Caption-style text data:
══════════════════════════════
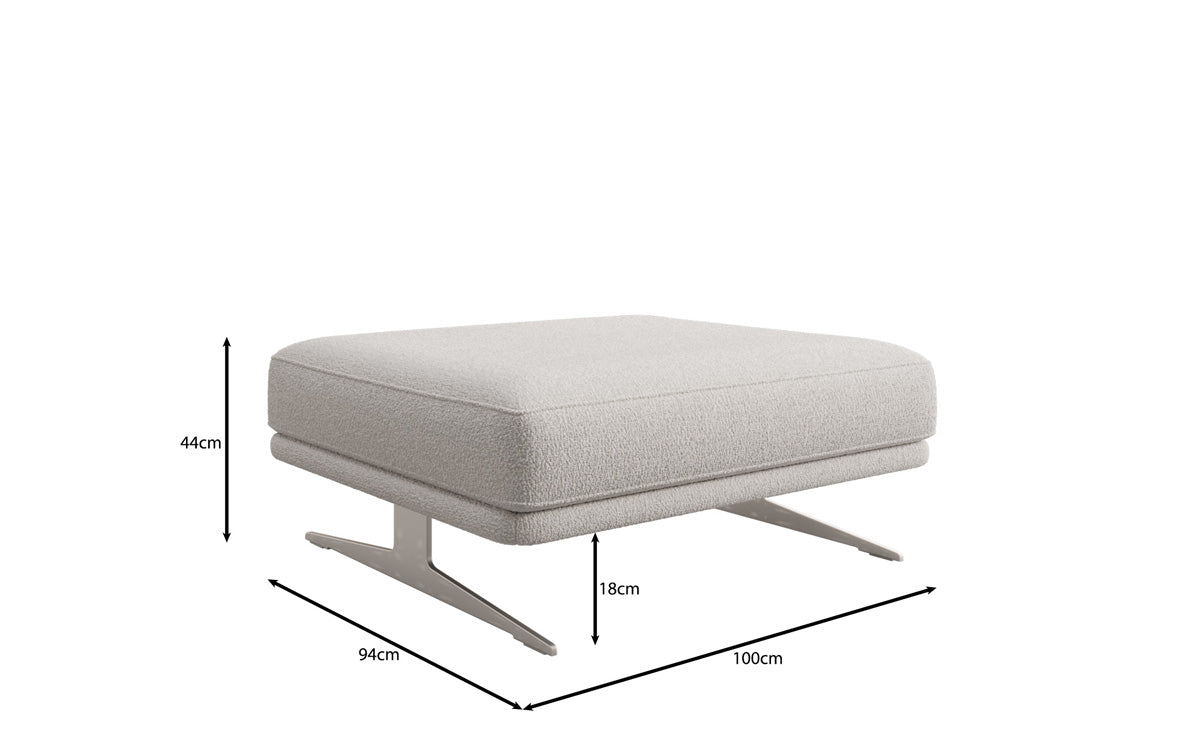 Beistellhocker Torino in Bouclé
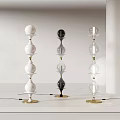 Modern Layered Spherical Floor Lamps in White Black and Glass with Golden Base
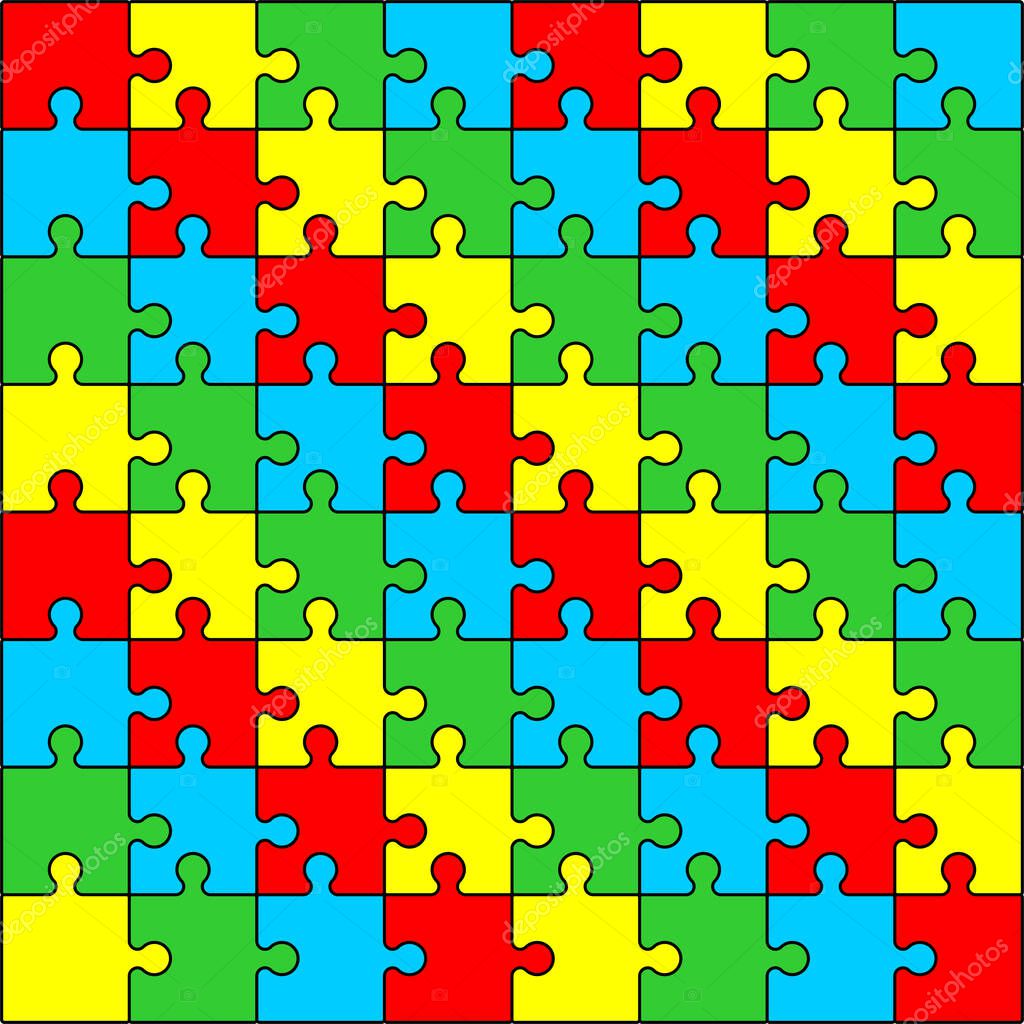 Colored (red, yellow, green, blue) puzzle pattern design
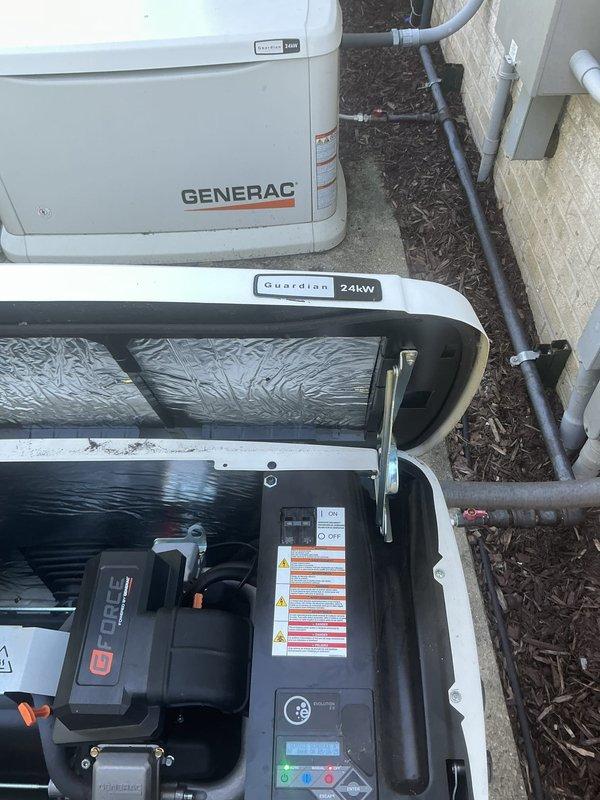 Performed routine maintenance inspection on two Generac Guardian standby generators operating in parallel configuration. Investigated customer concern regarding green and amber indicator lights displaying on both units. Verified both generators were functioning properly and confirmed that the illuminated status lights indicated normal standby mode operation with no fault conditions present. Inspected control panels, battery connections, transfer switches, and utility connections on both systems. All components found to be in proper working order with no corrective action required.
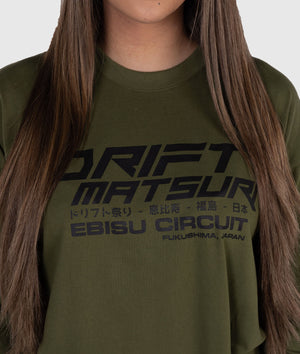 Womens Drift Matsuri Track Tee - Khaki - Hardtuned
══════════════════════════════
#### [THE TASK]
The answer must be the lines above from the one containing "Modern Layered Spherical" through the one containing "Colored (red, yellow, green, blue)", reproduced exactly, with no pictures and nothing else.

#### [EXERCISE OUTPUT]
 Modern Layered Spherical Floor Lamps in White Black and Glass with Golden Base
 Colored (red, yellow, green, blue) puzzle pattern design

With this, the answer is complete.